In lots and lots of divorce cases, the air eventually clears and a brand new, better, glorious day arrives.

But listen, friends and family, don't be glib and insensitive during the delicate time in question.  Don't be an asshole, ok?  Divorce is one of the hardest, most psychologically trying events in life some people may ever wade through.  It is a death.

Apropos of someone around you experiencing a divorce:  If you have known the wife or husband for years and years prior to that respective party's union with his or her marital partner, and there was nothing major either one of the wife or husband did to the other one or to anyone else involved that is particularly egregious and grounds for inflicting assholery, think before you act where it pertains to husband and/or wife you knew for so long or are actually related to so as to not unintentionally be a righteous dipshit.  For example, if said husband or wife, that you knew long before that individual commenced union with his or her marital partner, would appreciate you not contacting his or her now-ex-marital partner, how about having respect for those boundaries?  Is that too much to ask?  You may feel a loss and perhaps resentment that the separation of two individuals you were close to has caused you to have to change your friendship and family dynamics.  A byproduct of this, yes you have experienced loss too.  It sucks.  Your son-in-law is no longer your son in law.  Your brother-in-law is no longer your brother-in-law.  You still love him and are pained at the idea that he can't be intimately in your life anymore and you place blame on the spouse you knew longer because if that spouse would JUST have stayed married, these particular losses of yours wouldn't have occurred and your life would be super fine and dandy.  Whoooooopppie doooo!

Look, selfish dear sweet friends and family, a separation is a hypersensitive time.  In my case, we have had to be separated for one year before proceeding with legal absolution of materially changed circumstances.  One Whole Year of contemplating the very real demise of a decade of together erecting a loving family and household.  Until you experience the termination of an institution that love and intimacy built during years and years, you will NEVER know the devastation and the drudgery and the nights of flooding tears that something like this carries with it.  Despite that my ex and I have remained as amicable as humanly possible for the vast majority of it even going so far as to have dinner together with our son on occasions (PLURAL) and attending his birthday festivities together to show a unified amicable front, it has not been what I would characterize as an easy year.
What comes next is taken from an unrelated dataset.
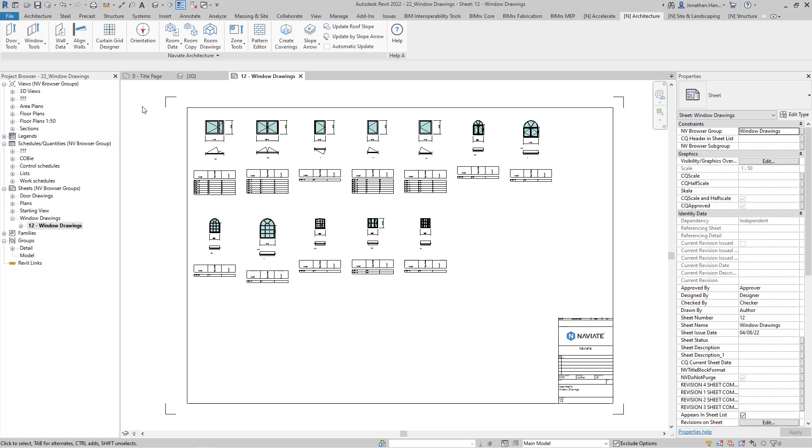Using this method will save hours of time that is otherwise a manual Revit repetitive task.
What I am trying to tell you is this:  While my separation/divorce has brought a loss to you, your loss is no where near as enormous and no where near as deep as mine.  So buck up.  And stop asking me if you can contact my ex.  Stop contacting my ex.  Let us be.  Let us have our boundaries so we can move on and heal.  It doesn't mean you don't love him.  Reach out to him once and tell him you love him.  Fine.  But leave it be.  For my sake, stop the intervention for a period of time.  For a year or two.  Let us move on, let us learn to fill the profound canyon created by this earth splitting event with new life.  Have a modicum of understanding that this divorce is less about you and far more about us, the primarily impacted.

Dear Sister, I don't want you contacting my ex to ask him for my old pie crust recipe that you want to make for Thanksgiving.  I know if I asked him for it, he would go dig it out and provide it.  I know if you called him, the same.  Cause he is a nice person like that.  But that recipe is a casualty of this divorce.  No one needs to call him to ask him to dredge it up.

No one needs to remind him right now, that we were all together during many Thanksgivings of the past.  That that particular recipe I used on repeated occasions to make lovely and delicious pies that all of us, together, cooed and yummied over.  That that cookbook has my flour-caked fingerprints all over it and that I won't be using it this year to make a pie that we all enjoy eating, together.

This shit is hard enough.  So suck it up, go without the goddamn recipe this year.  It's not about you.

We will heal.  He and I will use this experience to grow because that is the kind of people we both are.  Every day I feel stronger.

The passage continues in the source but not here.